Task |
With the pictures left aside, write out exactly the lines of the listing below from the line with "Lily Collins poses" to the line with "kitchen featuring sink, dark", both included, and only those.

Data shown |
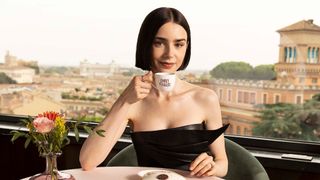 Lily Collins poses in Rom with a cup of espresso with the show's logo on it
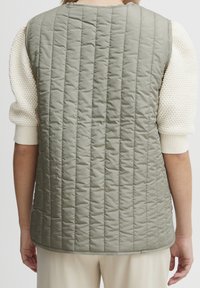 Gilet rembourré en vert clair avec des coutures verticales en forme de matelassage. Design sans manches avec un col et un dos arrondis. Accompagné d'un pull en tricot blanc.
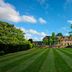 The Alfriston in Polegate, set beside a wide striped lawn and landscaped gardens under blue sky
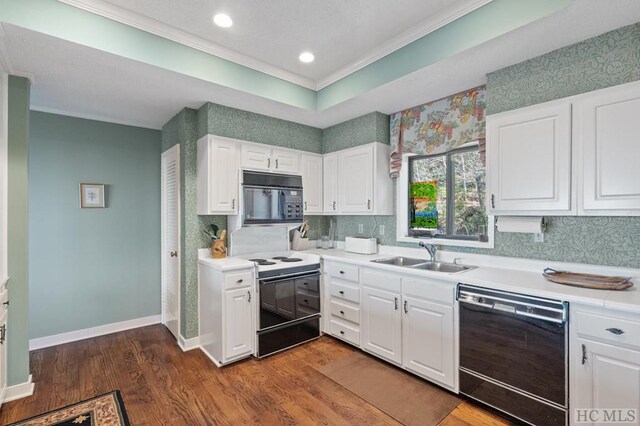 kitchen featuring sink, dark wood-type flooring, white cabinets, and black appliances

* * *

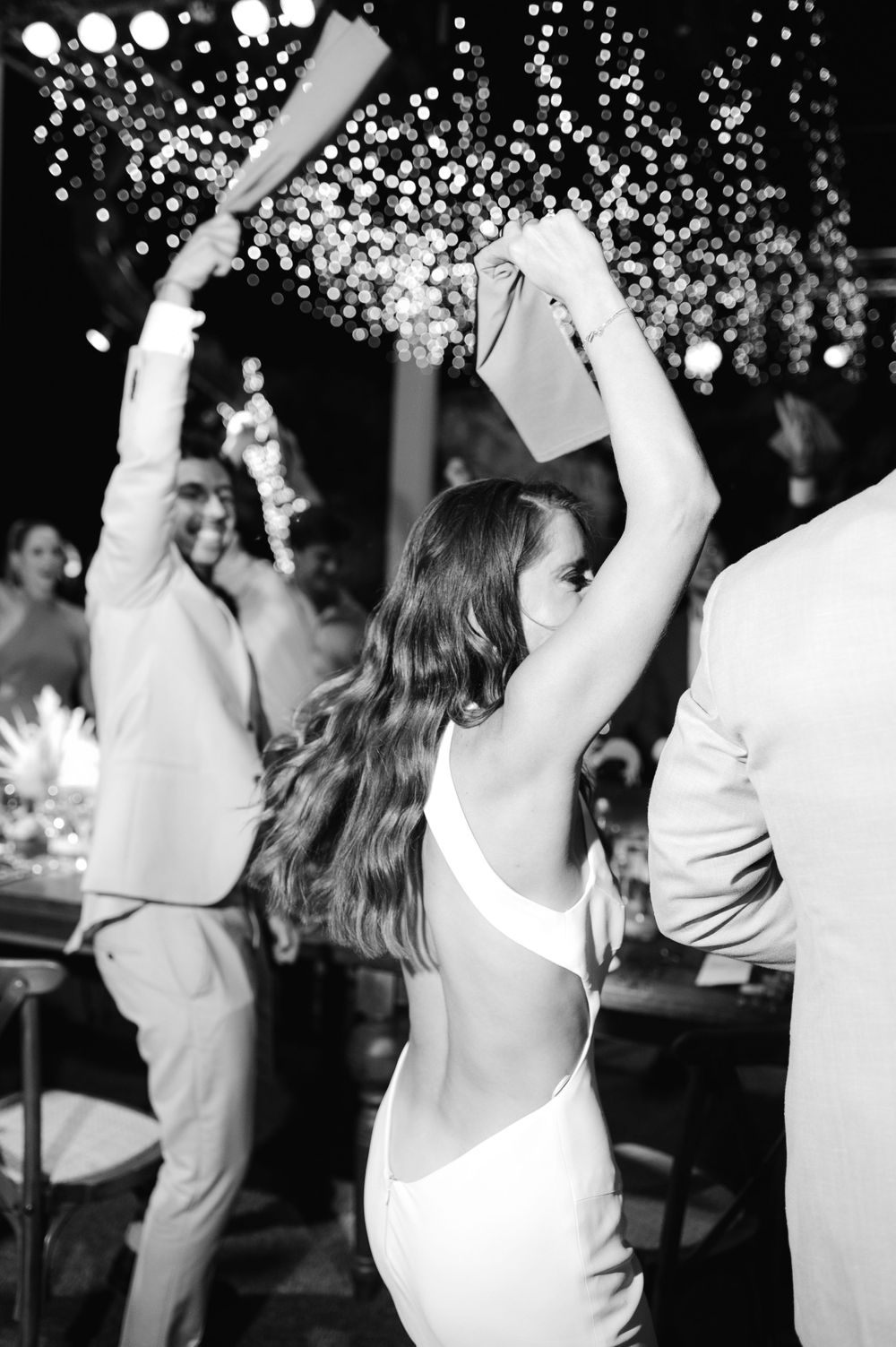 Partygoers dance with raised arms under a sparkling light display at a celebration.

--

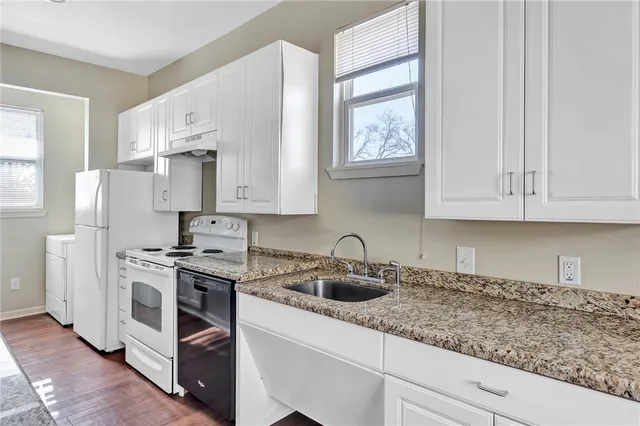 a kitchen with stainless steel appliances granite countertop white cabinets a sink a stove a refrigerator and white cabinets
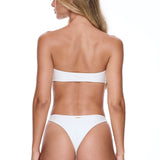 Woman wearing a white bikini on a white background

Task response |
 Lily Collins poses in Rom with a cup of espresso with the show's logo on it
 Gilet rembourré en vert clair avec des coutures verticales en forme de matelassage. Design sans manches avec un col et un dos arrondis. Accompagné d'un pull en tricot blanc.
 The Alfriston in Polegate, set beside a wide striped lawn and landscaped gardens under blue sky
 kitchen featuring sink, dark wood-type flooring, white cabinets, and black appliances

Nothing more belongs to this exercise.